Seine langjährige Übersetzerin Maralde Meyer-Minnemann, die auch diesen Roman wieder vorzüglich aus dem Portugiesischen übertragen hat, erklärte vor einigen Jahren einmal treffend, dass es so schwierig mit diesen Romanen sei, weil man unentwegt traurigen, gebrochenen Figuren begegnet. Zuletzt hatte Lobo Antunes 2022 im Roman „Die letzte Tür vor der Nacht“ eine weitverzweigte Reise ins Unterbewusste von fünf Männern vorgelegt, die durch einen grausamen Mord auf mysteriöse Weise miteinander vereint sind.

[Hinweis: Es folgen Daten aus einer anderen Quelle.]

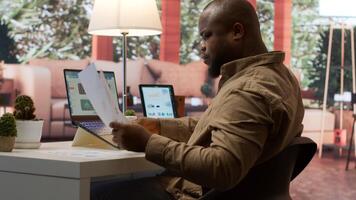 Business owner reviewing key performance indicators within the enterprise activity, remote work at home. Conducting evaluations to help with global expansion, finance and economy. Camera A. photo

Der neue Roman dreht sich um ein lebenslanges Trauma des Autors, um die blutige portugiesische Kolonialpolitik. Es ist ein Roman des Erinnerns und der nationalen Besinnung, in den viele persönliche Erfahrungen aus Lobo Antunes‘ Zeit als Militärarzt im Unabhängigkeitskrieg in Angola eingeflossen sind. In vielen inneren Monologen geht es um Rassismus, Gewalt und Unterdrückung.
Lobo Antunes lässt drei höchst unterschiedliche Figuren über deren Eindrücke in den frühen 1960er Jahren berichten, über einschneidende Erlebnisse und deren lebenslange Wirkung. Da ist die Tochter eines Betreibers einer Baumwollplantage, die sich aus Erinnerungsfragmenten aus der Kindheit, die geprägt war von der Brutalität ihres Vaters, ein stimmiges „Bild“ zusammen setzen will.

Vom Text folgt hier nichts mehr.